La veille de leur entrée en Terre Sainte, Moïse décrivit aux Enfants d’Israël la nature de leur nouvelle patrie de la manière suivante :

Car la terre où vous allez entrer pour en hériter n’est pas comme la terre d’Égypte d’où vous venez... C’est une terre de collines et de vallées, qui s’abreuve de l’eau de la pluie des cieux. (Deutéronome 11, 10)

Nos sages expliquent que c’est cela qui distingue la terre d’Israël de « la terre dont vous venez » puisque « la terre d’Égypte n’absorbe pas d’eau de pluie, c’est la crue du Nil qui l’irrigue. » (Rachi sur Genèse 47, 10)

La pluie représente la relation réciproque entre le ciel et la terre. La ‘Hassidout cite la description que fait la Torah (Genèse 2, 6) de la première pluie : « une vapeur s’élève de la terre » vers les cieux, et les cieux la renvoient comme une pluie qui « désaltère la surface de la terre ». Cela, expliquent les Maîtres de la ‘Hassidout, représente la vérité spirituelle selon laquelle  « un réveil d’en bas suscite un réveil d’En Haut » : D.ieu répond aux efforts de l’homme, prodiguant d’En Haut notre subsistance en retour de nos prières, de nos aspirations et de nos actions.
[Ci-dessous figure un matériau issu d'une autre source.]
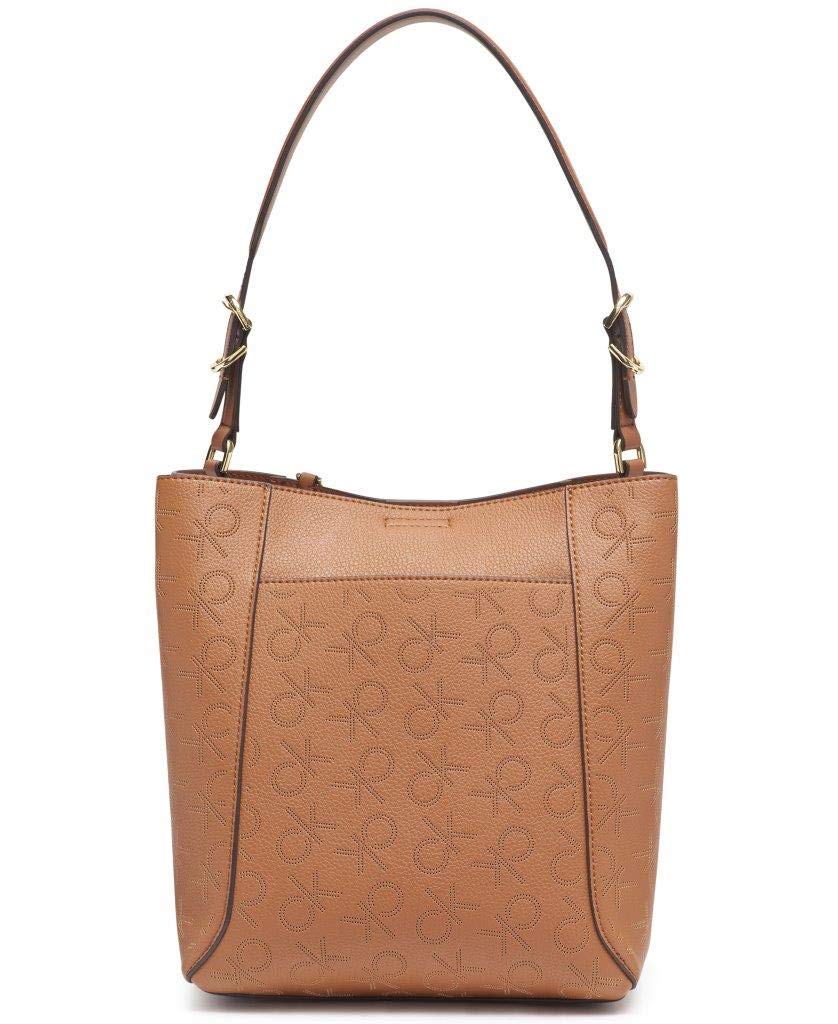 Calvin Klein Denver Perforated Montego Logo Hobo Shoulder Bag for Women | Stylish Leather Crossbody Purse | Perfect for Work, Travel & Everyday Use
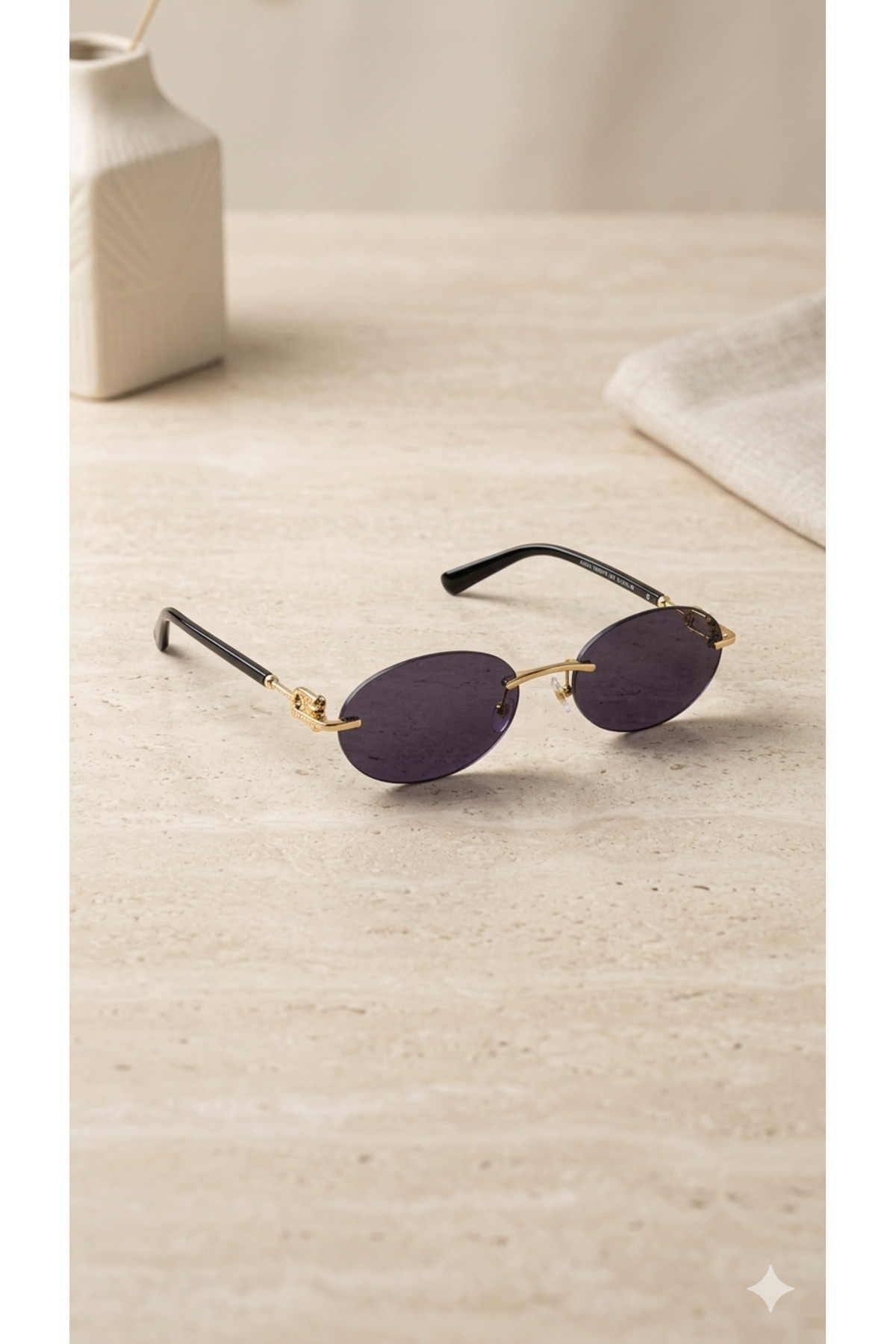PİYESBOUTİQUE Unisex Kadın Erkek Metal Uv400 Korumalı Oval Yuvarlak Kılıf Ve Silme Bezi Hediyeli Güneş Gözlüğü - Görsel 3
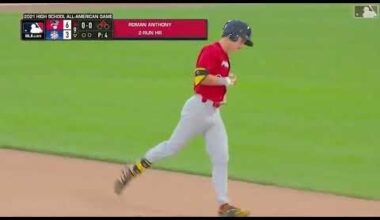 17-year old Roman Anthony crushing a 450 foot home run during the 2021 All-American High School baseball game.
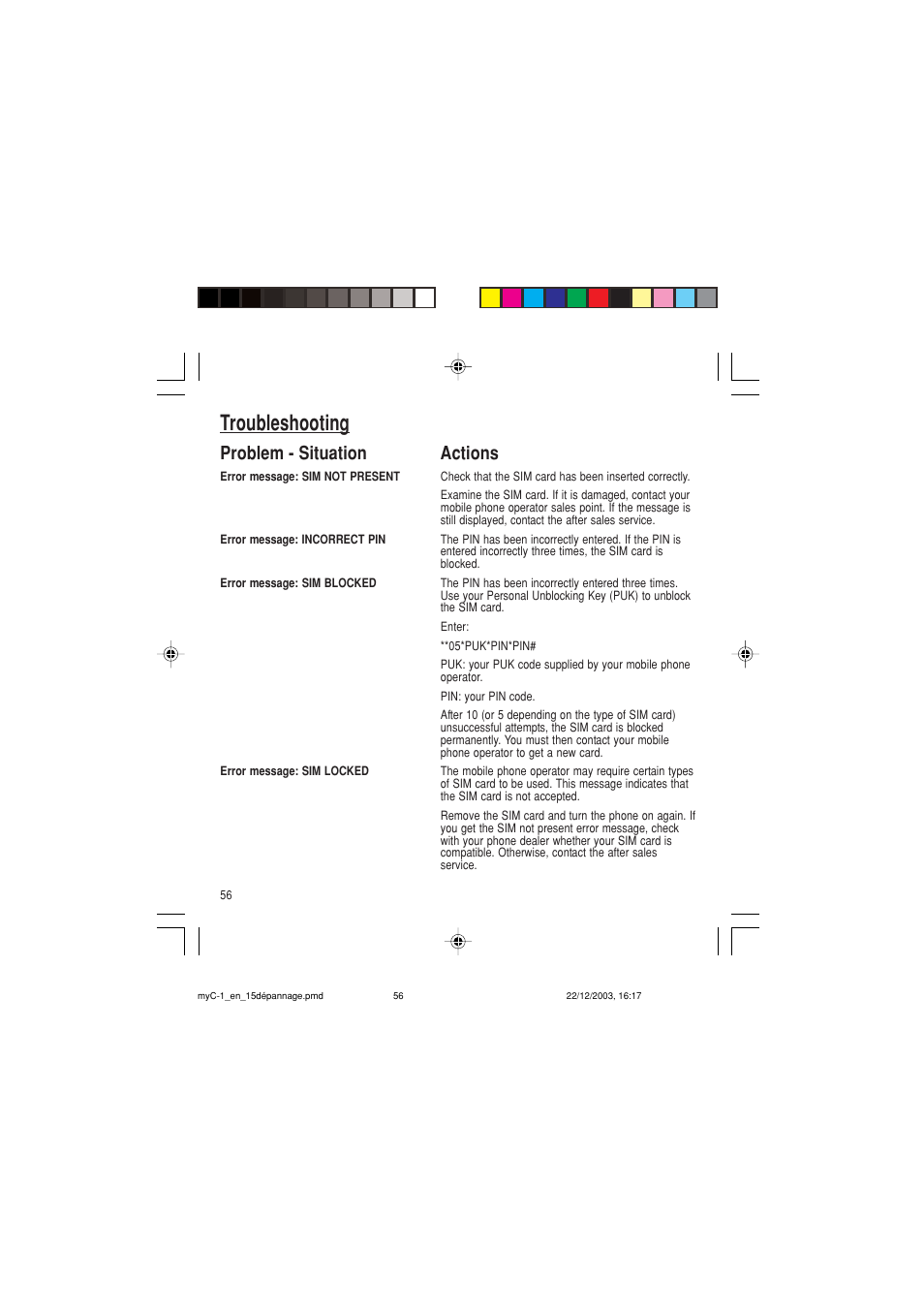 Troubleshooting, Problem - situation actions | Sagem myC-1 User Manual | Page 57 / 61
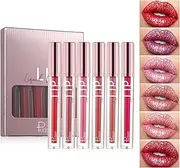 Joyeee Glitter Lipgloss Set with Gift Box, 6 Colors Red Purple Rose Pink Sparkly Glossy Waterproof Colourful Glitter Shimmer Liquid Lipstick Set, Vegan & Cruelty Free Nonstick Cup Makeup Lip Gloss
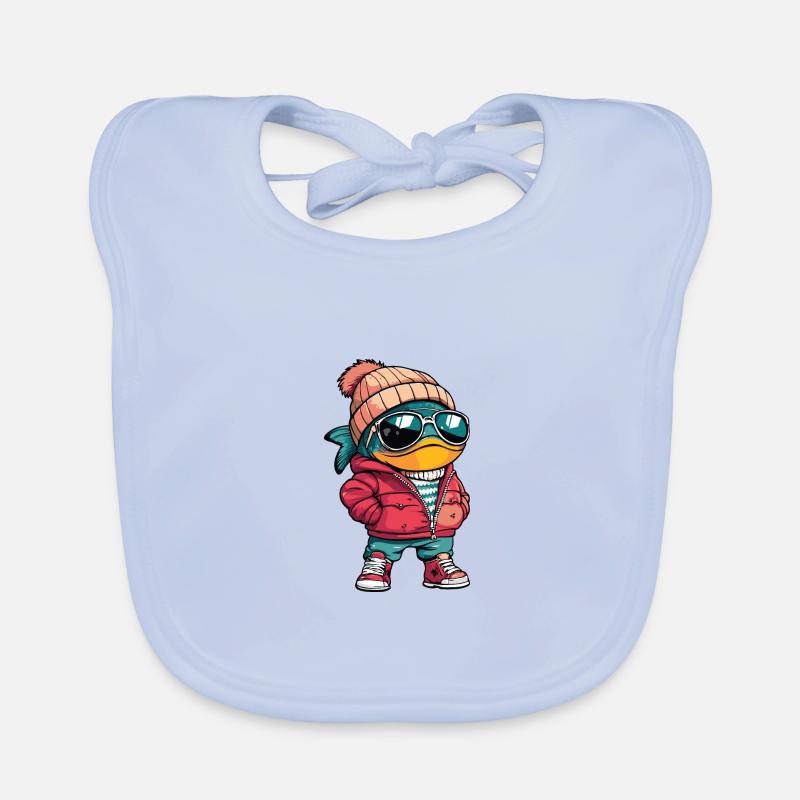 Piranha Fish Winter Comic Organic Baby Bibs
Mais la pluie à elle seule ne suffit pas à faire fleurir la terre et lui faire donner des fruits. Le sol doit être labouré – ouvert et ramolli – avant de pouvoir recevoir la semence et absorber la pluie. Spirituellement cela signifie qu’il ne suffit pas d’envoyer des « vapeurs » de sentiments élevés et d’actions vertueuses ; il faut d’abord « labourer » notre ego, écraser les mottes de grossièreté et d’orgueil dans notre personnalité, pour que notre vie puisse être apte à recevoir le flot de nourriture d’En Haut.

En « Terre d’Israël », on laboure et on est nourri par la pluie. Mais en « Égypte », les choses étaient différentes. L’Égypte était nourrie, non par une pluie qui tombait, mais par la crue du Nil qui, en débordant de son lit, inondait périodiquement la terre. Il n’était pas non plus nécessaire de labourer le sol : les eaux du Nil laissaient derrière elles un limon extrêmement fertile qui n’avait besoin d’aucun labour avant les semailles.
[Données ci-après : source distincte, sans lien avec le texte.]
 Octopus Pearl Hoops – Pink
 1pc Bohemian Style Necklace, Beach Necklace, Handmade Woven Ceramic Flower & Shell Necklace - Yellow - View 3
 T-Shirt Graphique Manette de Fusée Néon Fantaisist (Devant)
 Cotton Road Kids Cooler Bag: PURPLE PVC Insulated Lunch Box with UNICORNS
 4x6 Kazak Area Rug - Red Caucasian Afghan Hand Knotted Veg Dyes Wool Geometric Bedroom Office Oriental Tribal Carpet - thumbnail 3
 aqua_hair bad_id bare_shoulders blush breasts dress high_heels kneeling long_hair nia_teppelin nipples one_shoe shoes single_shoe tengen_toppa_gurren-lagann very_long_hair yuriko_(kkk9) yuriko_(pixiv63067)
L’Égyptien spirituel est celui qui ne reconnaît pas la source divine des bénédictions de la vie. Il pense que tout vient d’en bas, que tout ce qu’il possède ou accomplit, il le doit à ses propres efforts. Il ne voit pas non plus le besoin de « labourer » sa personnalité, il est bien comme il est.

Une pluie pervertie

Quand la pluie tomba sur l’Égypte, elle tomba sous forme d’une grêle faite de glace à l’extérieur et de feu à l’intérieur. C’est pourquoi la Torah décrit la septième des Dix Plaies qui frappa les Égyptiens ainsi :

Et D.ieu fit tomber de la grêle sur la terre d’Égypte. Et il y eut de la grêle et du feu brûlant dans la grêle... (Exode 9, 23-24)
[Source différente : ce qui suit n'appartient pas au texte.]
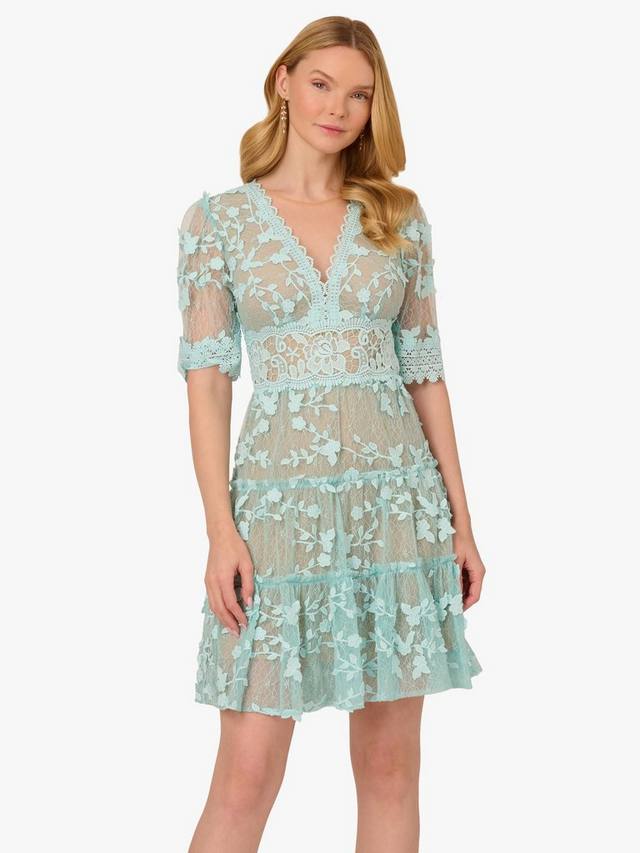 

Мини-платье с кружевной вышивкой Adrianna Papell, цвет Airy Aqua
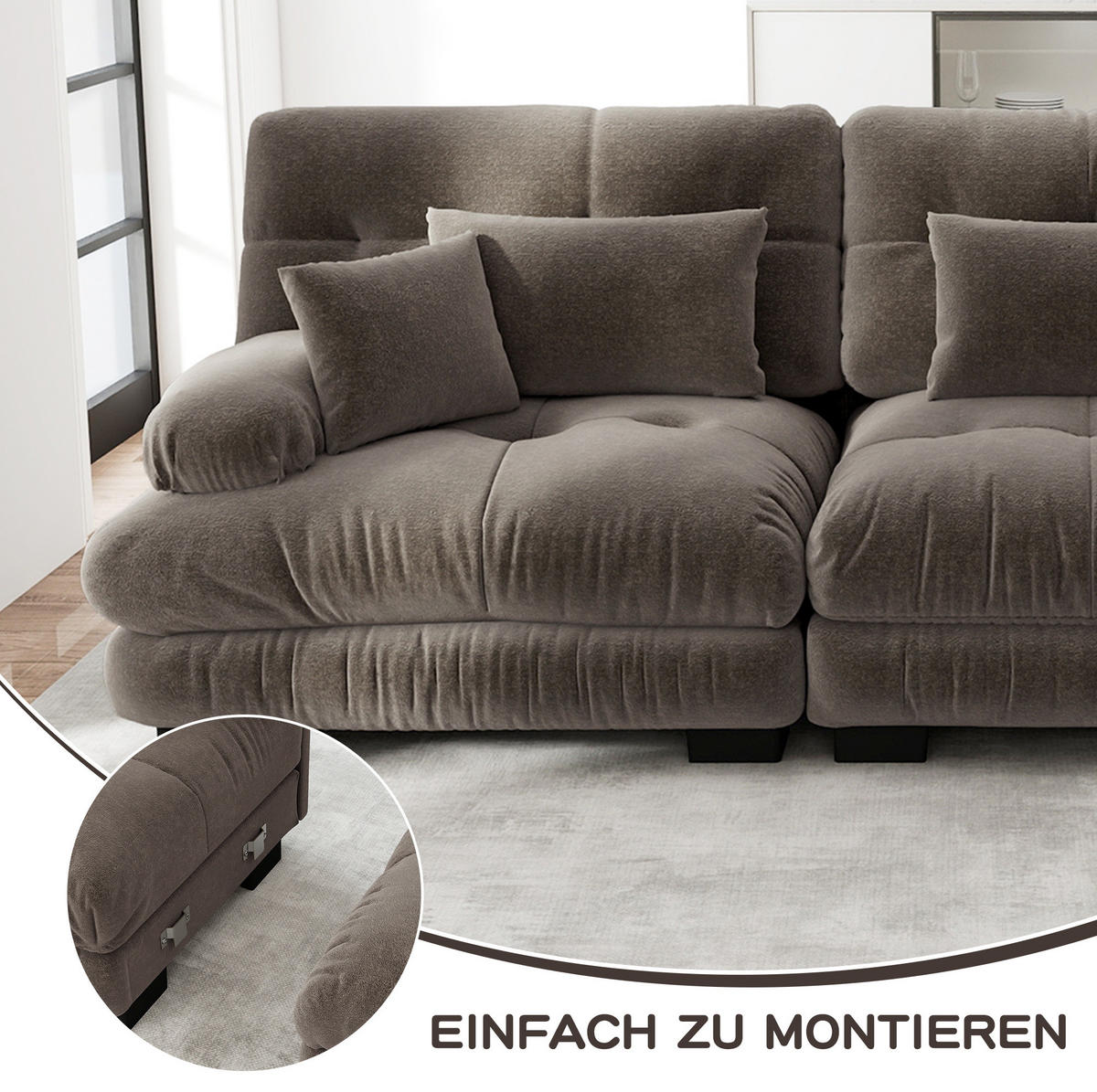 ECKSOFA mit modularer Ottomane, breiten Armlehnen und Deko- sowie Lendenkissen, Braun - Braun, Textil (220/145cm) - Redom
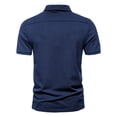 thumbnail image 4 of EGNMCR Men Short-Sleeved Turn-Down Collar Solid Buttons Blouse Shirt Tops, 4 of 4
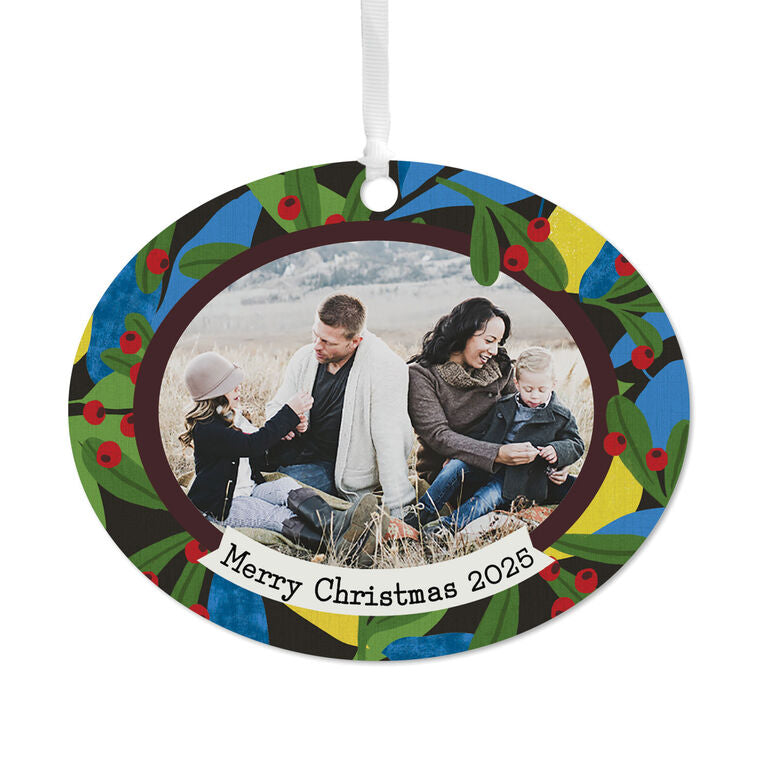 Hallmark Holiday Holly Horizontal Oval Metal Personalized Ornament, Custom Photo And Text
On parle souvent de personnalités « chaudes » et « froides ». L’homme chaleureux est une personne passionnée, affectueuse, sociable, toujours prête à tendre la main et à offrir un sourire à son prochain. Une personne « froide » est réservée, égocentrique, indifférente au sort des autres. Mais l’individu froid est aussi enflammé par l’amour propre, par ses passions égoïstes. En fait, c’est son excès de chaleur intérieure qui est la cause de son extérieur glacial.

Quand la pluie tombe en Égypte, elle tombe comme un feu enveloppé de glace. Dans cette terre non labourée, dont la source divine de son eau est invisible et méconnue, la nourriture qui tombe d’En Haut est pervertie comme une source accrue d’amour de soi et de plus grande séparation entre l’homme et son prochain.